Choć w grupie spadkowej jeszcze wszystko może się zdarzyć, PGE GKS Bełchatów jest w najtrudniejszej sytuacji po przegranej z Podbeskidziem Bielsko-Biała.
Dominika Pawlik
PGE GKS Bełchatów mierzył się w sobotę z drużyną, która od trzech miesięcy nie wywalczyła trzech punktów na wyjeździe i która od dwóch miesięcy nie odniosła zwycięstwa. Szanse zdawały się być wyrównane, ale już pierwsze minuty pozbawiły złudzeń kibiców i samych piłkarzy beniaminka.
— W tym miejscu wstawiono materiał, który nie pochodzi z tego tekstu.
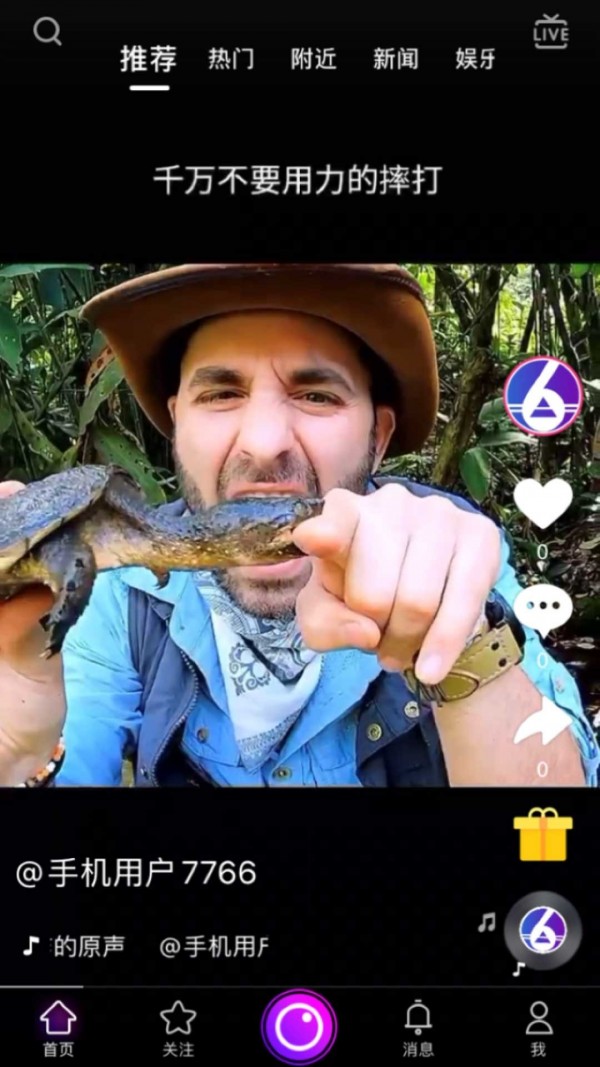 ��������Ƶ��ѹۿ�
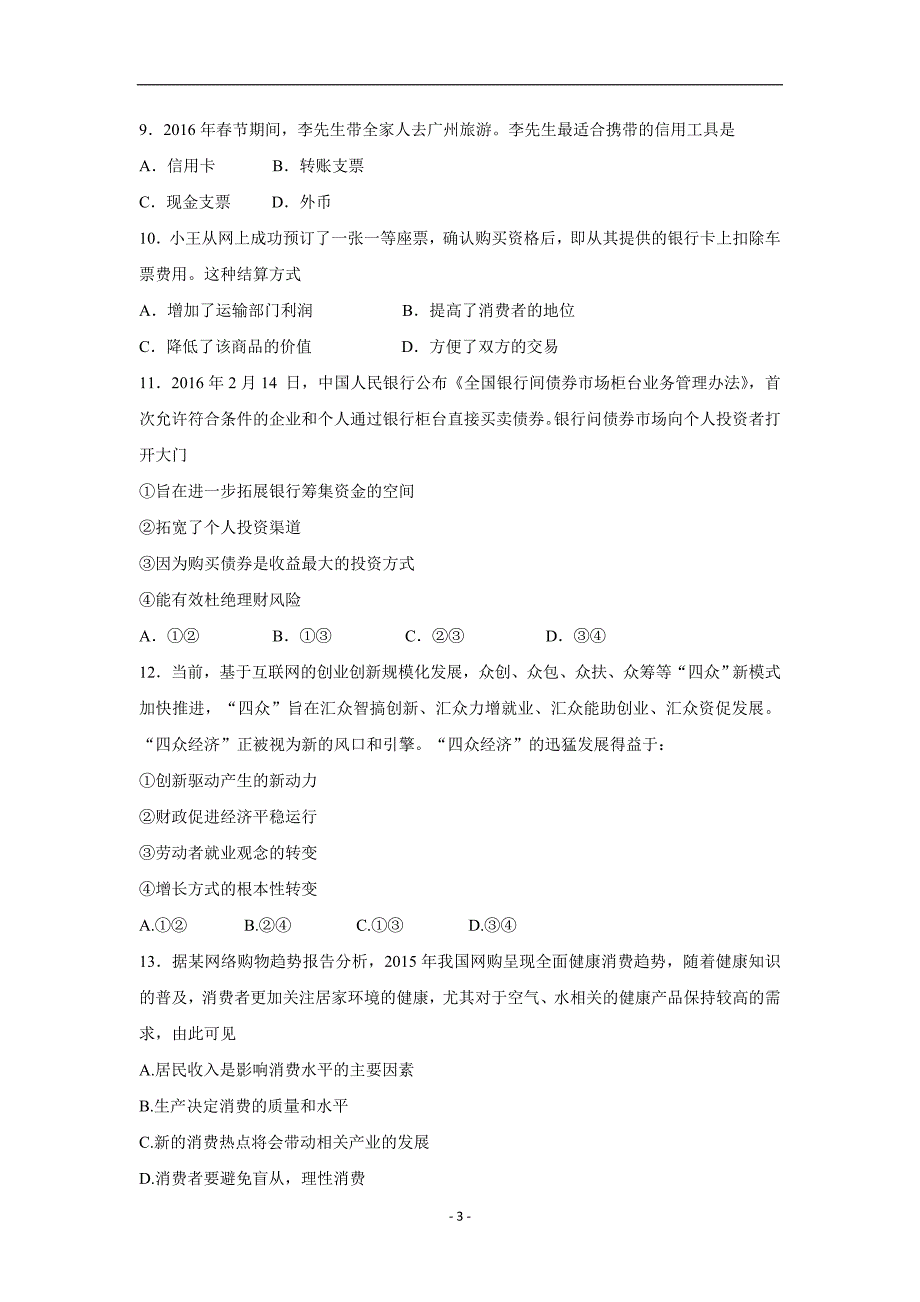 湖北省宜城市第一中学2017学年高三9月月考政治试题（附答案）.doc_第3页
Sam mecz z Podbeskidziem nie stał na wysokim poziomie, głównie ze względu na postawę gospodarzy. Ostatecznie Górale strzelili dwie bramki i dobra gra w defensywie uchroniła ich od straty bramki. - Byliśmy zespołem słabszym, nie byliśmy wystarczająco skuteczni nawet w prostych sytuacjach. Popełnialiśmy zbyt dużo błędów, mieliśmy dużo strat, złych przyjęć. Przy takiej ilości błędów indywidualnych, ciężko mówić o zrealizowaniu taktyki. Nic nam nie wychodziło. Dostaliśmy srogą lekcję i musimy zrobić wszystko, żeby nie było tego samego w Gliwicach - zakończył Marek Zub.